Divergence as the trace of total covariant derivative?
We can show that this equality holds at any point of $M$ by computing in local coordinates. At the point $p\in M$ we use Riemannian normal coordinates, which have the property that the metric at $p$ is given by the identity matrix, $g_{ij}(p)=\delta_{ij}$, and that the derivatives of the metric coefficients are zero at $p$, as are the Christoffel symbols. With this we can write \begin{equation} \text{tr}\ \nabla X (p) = \sum_{i=1}^n g(\nabla_{\partial_i} X,\partial_i)(p) = \sum_{i=1}^n(\partial_i X^j)(p)\delta_{ij} = \sum_{i=1}^n\partial_i X^i(p). \end{equation} On the other hand, we have $\text{det}(g)(p)=1$ in these coordinates, and since the determinant is polynomial in the entries of the matrix of $g$, all its partial derivatives vanish at $p$ in these coordinates. With $dV_g = \sqrt{|g|}dx^1\wedge\ldots\wedge dx^n$ we can write \begin{equation} X\lrcorner\ dV_g = \sqrt{|g|}\sum_{i=1}^n(-1)^{i+1}X^i dx^1\wedge\ldots\widehat{dx^i}\wedge\ldots\wedge dx^n, \end{equation} where the hatted factor is the one excluded from the wedge product. Noting that the partial derivatives of $\sqrt{|g|}$ vanish at $p$ we can write \begin{equation} d(X\lrcorner\ dV_g)(p) = \sum_{i=1}^n(-1)^{i+1}(\partial_j X^i)(p)dx^j\wedge dx^1\wedge\ldots\widehat{dx^i}\wedge\ldots\wedge dx^n. \end{equation} All the terms where $i\neq j$ will be zero by antisymmetry of $\wedge$. Permuting the leftmost factor $dx^j$ to the place of the hatted factor we change sign $i-1$ times, so the sign factors cancel. We are left with \begin{equation} d(X\lrcorner\ dV_g)(p) = \left(\sum_{i=1}^n(\partial_i X^i)(p)\right)\ dx^1\wedge\ldots\wedge dx^n = \text{tr}\ \nabla X(p)\ dV_g. \end{equation}
We can work locally since everything there is a tensor. Assume $(E_1,\ldots,E_n)$ is a local orthonormal frame field, such that $(\nabla_{E_j}E_i)_p = 0$ for some $p \in M$. We will check the equality at $p$.
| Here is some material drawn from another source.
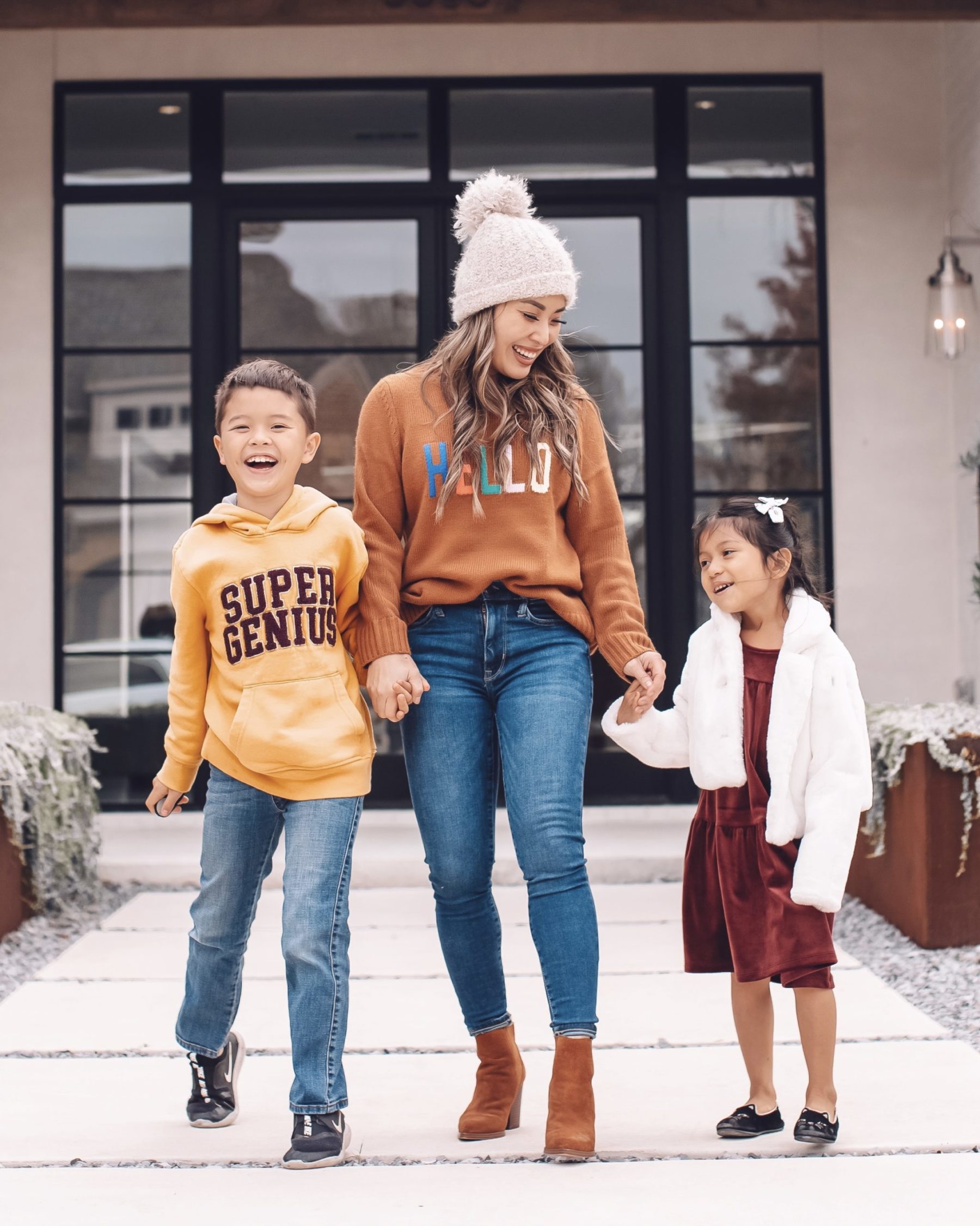cute & little | dallas petite fashion blog | how to create a home you love | life tips |Create a Home by popular Dallas life and style blog, Cute and Little: image of a mom standing outside with her son and daughter and wearing a Hello Sweater, brown suede ankle boots, jeans, Super Genius hoodie, cream pom beanie, Nike shoes, Tucker + Tate jeans, Velour dress, cat ballet flats, and white floral print hair bows.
If $(\theta^1,\ldots, \theta^n)$ is the corresponding coframe, then $$dV_g = \theta^1 \wedge \cdots \wedge \theta^n.$$We can write $X = \sum_{i=1}^n \theta^i(X) E_i$, and we also know that $\theta^i(X) = \langle X,E_i\rangle$, by orthonormality. On one hand, it is easy (?) to check that $${\rm tr}(\nabla X) = \sum_{i=1}^n \langle \nabla_{E_i}X,E_i\rangle,$$so let's compute the other expression. We start computing the interior derivative $$\begin{align}\iota_X(dV_g) &= \iota_X(\theta^1 \wedge \cdots \wedge \theta^n) \\ &= \sum_{i=1}^n (-1)^{i-1} \theta^1 \wedge \cdots \wedge \iota_X(\theta^i)\wedge \cdots \wedge \theta^n \\ &= \sum_{i=1}^n (-1)^{i-1} \theta^i(X) \;\theta^1\wedge \cdots \wedge\widehat{\theta^i} \wedge \cdots \wedge \theta^n, \end{align}$$where the hat denotes omission. Then we compute the exterior derivative of that: $$\begin{align} d(\iota_X(dV_g)) &= \sum_{j=1}^n \sum_{i=1}^n (-1)^{i-1} E_j(\theta^i(X)) \; \theta^j \wedge \theta^1\wedge \cdots \wedge\widehat{\theta^i} \wedge \cdots \wedge \theta^n \\ &= \sum_{i=1}^n (-1)^{i-1} E_i(\theta^i(X)) \;\theta^i\wedge \theta^1\wedge \cdots \wedge\widehat{\theta^i} \wedge \cdots \wedge \theta^n \\ &= \sum_{i=1}^n E_i(\theta^i(X)) \;\theta^1\wedge \cdots \wedge \theta^n \\ &= \left(\sum_{i=1}^n E_i(\theta^i(X))\right) \theta^1\wedge \cdots \wedge \theta^n \\ &= \left(\sum_{i=1}^n E_i(\theta^i(X))\right) dV_g.\end{align}$$The result follows since at $p$ we have $$(E_i)_p(\theta^i(X)) = \langle (\nabla_{E_i}X)_p,(E_i)_p\rangle + \langle X, (\nabla_{E_i}E_i)_p\rangle =\langle (\nabla_{E_i}X)_p,(E_i)_p\rangle. $$The result is also true for pseudo-Riemannian manifolds, with a slight adaptation of the calculations done above.